Нельзя было сказать, что налеты на Каттаро продолжавшиеся на протяжении 8 часов, в течение которых каждый летчик успел совершить по три боевых вылета, нанесли критический ущерб Императорским и Королевским Военно-морским силам. В подвергнутом налету порту попросту не обнаружилось большого количества достойных целей. Пусть флот Австро-Венгрии сам по себе был относительно невеликим, все равно улов оказался откровенно небогатым. Действительно серьезным успехом, наверное, можно было назвать утопление трех из пяти действующих современных австрийских субмарин и подрыв вследствие вторичных детонаций минного заградителя «Хамелеон», с помощью которого австрийцы установили большую часть своих минных полей.

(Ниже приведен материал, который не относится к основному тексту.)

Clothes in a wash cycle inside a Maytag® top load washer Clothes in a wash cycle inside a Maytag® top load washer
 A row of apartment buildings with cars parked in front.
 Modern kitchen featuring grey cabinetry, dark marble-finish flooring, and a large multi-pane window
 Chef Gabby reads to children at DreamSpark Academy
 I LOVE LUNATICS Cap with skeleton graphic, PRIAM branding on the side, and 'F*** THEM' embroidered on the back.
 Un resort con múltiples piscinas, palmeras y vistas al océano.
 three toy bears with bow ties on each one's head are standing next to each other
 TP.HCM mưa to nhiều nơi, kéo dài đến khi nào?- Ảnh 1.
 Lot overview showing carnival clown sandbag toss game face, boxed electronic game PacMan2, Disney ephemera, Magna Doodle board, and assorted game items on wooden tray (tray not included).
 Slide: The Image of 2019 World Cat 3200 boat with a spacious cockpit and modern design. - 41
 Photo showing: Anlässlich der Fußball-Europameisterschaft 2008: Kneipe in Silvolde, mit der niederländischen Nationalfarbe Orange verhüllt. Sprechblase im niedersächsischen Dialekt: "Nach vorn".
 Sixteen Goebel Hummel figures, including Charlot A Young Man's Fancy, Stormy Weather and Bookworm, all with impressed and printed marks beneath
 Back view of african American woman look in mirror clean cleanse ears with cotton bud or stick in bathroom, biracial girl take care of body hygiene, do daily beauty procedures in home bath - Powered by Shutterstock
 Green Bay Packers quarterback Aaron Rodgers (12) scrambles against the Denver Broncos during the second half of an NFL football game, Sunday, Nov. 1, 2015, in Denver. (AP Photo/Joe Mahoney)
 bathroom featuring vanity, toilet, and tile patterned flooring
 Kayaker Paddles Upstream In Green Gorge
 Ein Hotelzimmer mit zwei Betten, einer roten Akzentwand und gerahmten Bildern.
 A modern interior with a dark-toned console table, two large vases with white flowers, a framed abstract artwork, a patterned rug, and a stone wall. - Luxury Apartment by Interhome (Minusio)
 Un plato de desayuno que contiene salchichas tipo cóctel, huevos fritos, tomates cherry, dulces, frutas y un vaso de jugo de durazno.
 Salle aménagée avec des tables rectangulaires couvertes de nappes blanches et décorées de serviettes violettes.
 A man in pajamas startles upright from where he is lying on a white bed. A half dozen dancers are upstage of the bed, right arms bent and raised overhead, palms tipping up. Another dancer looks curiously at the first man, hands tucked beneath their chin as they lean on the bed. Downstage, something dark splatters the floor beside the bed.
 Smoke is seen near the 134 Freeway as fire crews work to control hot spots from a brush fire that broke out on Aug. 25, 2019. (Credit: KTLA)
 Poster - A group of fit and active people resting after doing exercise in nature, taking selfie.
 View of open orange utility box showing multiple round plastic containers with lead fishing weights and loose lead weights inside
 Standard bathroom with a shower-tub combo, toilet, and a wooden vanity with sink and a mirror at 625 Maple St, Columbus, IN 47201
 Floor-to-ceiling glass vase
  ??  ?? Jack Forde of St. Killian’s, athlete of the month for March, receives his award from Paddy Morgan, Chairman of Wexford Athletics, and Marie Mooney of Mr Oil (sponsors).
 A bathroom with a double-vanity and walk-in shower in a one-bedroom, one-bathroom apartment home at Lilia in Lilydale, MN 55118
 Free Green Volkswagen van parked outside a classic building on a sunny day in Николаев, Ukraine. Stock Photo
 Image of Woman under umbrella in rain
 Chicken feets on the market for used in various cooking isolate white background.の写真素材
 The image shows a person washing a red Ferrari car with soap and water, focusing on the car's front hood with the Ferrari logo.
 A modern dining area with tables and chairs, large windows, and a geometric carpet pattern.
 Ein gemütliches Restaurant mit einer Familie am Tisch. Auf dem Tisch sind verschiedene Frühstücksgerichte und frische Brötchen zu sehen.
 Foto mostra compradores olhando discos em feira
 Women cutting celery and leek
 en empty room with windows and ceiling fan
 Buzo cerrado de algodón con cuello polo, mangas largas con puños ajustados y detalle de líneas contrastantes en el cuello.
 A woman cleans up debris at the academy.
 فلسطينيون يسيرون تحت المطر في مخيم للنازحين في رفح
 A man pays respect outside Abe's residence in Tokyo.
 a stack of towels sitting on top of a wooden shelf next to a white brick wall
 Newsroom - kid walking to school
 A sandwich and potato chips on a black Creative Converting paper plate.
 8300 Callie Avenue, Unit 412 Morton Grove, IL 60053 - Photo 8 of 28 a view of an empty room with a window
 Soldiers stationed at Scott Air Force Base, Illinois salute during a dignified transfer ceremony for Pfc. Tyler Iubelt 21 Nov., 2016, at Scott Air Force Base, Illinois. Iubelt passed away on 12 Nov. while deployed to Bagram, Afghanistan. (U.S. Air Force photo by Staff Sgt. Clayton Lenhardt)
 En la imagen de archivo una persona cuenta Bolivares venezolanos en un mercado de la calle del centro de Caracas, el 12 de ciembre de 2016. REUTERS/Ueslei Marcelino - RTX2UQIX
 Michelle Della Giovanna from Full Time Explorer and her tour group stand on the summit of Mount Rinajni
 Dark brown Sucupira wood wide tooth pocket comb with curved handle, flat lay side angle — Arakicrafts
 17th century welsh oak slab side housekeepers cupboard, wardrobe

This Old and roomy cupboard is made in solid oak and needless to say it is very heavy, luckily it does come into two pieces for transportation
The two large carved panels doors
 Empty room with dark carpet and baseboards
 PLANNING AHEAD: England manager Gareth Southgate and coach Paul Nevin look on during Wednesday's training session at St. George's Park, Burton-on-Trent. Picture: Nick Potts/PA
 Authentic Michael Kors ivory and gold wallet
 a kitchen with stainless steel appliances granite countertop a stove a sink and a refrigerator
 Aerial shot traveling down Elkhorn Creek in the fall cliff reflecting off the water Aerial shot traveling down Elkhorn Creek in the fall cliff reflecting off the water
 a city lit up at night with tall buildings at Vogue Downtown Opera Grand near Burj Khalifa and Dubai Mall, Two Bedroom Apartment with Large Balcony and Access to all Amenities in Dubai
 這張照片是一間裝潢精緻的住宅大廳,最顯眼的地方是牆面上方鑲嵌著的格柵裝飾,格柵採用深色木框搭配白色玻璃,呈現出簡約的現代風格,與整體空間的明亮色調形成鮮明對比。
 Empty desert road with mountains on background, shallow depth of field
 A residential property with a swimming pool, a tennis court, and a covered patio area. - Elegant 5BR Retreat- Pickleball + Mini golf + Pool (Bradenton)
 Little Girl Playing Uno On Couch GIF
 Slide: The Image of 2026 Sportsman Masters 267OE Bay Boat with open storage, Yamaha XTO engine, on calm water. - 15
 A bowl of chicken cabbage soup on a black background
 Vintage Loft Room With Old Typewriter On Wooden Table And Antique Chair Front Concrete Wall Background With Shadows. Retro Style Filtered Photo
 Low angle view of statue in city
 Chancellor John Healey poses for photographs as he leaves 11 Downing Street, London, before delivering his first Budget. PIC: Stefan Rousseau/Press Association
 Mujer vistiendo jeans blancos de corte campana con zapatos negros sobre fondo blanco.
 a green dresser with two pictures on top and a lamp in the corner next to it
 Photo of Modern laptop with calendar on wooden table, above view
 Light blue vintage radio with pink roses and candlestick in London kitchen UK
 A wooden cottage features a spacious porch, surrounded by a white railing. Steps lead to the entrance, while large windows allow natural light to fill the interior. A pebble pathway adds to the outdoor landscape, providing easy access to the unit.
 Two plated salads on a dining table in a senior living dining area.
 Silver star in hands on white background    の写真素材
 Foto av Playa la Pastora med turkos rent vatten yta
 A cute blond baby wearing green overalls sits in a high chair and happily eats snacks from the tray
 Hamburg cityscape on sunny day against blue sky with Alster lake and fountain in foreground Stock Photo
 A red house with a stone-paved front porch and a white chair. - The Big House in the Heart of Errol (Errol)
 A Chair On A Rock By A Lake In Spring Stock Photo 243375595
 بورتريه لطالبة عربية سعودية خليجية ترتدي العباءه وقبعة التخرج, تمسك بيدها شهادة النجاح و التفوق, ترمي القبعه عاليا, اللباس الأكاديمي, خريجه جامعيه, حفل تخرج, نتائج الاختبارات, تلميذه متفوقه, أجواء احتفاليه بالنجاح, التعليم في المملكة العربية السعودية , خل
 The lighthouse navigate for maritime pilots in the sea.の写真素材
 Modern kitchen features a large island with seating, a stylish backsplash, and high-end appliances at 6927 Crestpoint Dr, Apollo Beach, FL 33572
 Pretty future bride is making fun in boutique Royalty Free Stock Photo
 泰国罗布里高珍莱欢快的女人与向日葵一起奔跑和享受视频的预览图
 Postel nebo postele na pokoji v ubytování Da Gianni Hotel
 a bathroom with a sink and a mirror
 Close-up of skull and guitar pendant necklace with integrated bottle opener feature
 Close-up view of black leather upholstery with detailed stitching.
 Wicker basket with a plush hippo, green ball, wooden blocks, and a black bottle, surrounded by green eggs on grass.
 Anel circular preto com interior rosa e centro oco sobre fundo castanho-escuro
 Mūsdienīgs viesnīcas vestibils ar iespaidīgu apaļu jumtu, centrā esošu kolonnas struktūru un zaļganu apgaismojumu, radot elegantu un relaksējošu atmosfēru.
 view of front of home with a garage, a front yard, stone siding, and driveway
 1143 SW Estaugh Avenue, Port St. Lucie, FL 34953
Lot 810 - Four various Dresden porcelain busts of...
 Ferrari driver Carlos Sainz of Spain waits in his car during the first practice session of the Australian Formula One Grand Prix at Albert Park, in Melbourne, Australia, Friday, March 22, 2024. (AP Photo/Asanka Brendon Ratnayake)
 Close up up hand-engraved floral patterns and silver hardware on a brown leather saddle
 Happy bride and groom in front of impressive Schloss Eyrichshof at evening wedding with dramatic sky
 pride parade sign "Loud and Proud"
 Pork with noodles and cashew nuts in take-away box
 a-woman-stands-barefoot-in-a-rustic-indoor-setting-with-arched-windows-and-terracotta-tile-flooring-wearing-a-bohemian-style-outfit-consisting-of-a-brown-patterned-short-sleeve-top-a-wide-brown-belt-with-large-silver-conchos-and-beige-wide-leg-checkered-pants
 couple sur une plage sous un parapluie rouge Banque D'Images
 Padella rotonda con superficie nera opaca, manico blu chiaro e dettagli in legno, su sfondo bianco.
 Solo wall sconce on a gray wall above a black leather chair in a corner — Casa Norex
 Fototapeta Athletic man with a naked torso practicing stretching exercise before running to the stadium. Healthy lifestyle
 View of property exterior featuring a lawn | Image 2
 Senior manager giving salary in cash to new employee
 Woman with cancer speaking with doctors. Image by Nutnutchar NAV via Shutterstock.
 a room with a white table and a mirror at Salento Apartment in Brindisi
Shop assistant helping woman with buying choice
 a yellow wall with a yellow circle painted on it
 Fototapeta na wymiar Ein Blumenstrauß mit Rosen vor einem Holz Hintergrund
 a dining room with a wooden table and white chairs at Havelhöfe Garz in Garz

Число же уничтоженных тральщиков и небольших номерных миноносцев варьировалось от полутора десятков до тридцати — в зависимости от рассказа, то одного, то другого, летчика. В общем, было ясно, что в Каттаро следовало наведаться на следующий день, когда небо над ним очистится от дыма и гари. Все же, помимо потопленных кораблей, набиралось еще с десяток поврежденных и объятых пламенем пожаров судов вроде того же старого броненосца «Кронпринца Эрцгерцога Рудольфа». Да и наземная инфраструктура также подверглась ударам с воздуха, в результате чего на пораженных бомбами складах что-то сильно горело и взрывалось. При этом особую гордость летчиков палубной авиации вызывало уничтожение в ближайшем городке Кумбор трех ангаров станции морской авиации противника, в которых должны были храниться не менее семи гидропланов, если, конечно, данные предоставленные командованием не являлись ложными. Но, в любом случае, оставаться близ вражеских берегов с наступлением сумерек было слишком опасно, так что эскадра в полном составе поспешила взять курс к территориальным водам Италии, где можно было чувствовать себя в гораздо большей безопасности, нежели прямо под носом у уцелевших миноносников австрийцев, если таковые вообще оставались. Возвращаться же на ночь в то же Ионическое море, не имело смысла, поскольку тогда слишком много времени с топливом терялось бы на перемещения туда-сюда, тем более что при атаке на ту же Полу о подобном маневрировании нечего было даже мечтать. Слишком уж далеко она находилась от пролива Отранто — практически с противоположной стороны Адриатики или как еще говорили — в Верхней Адриатике.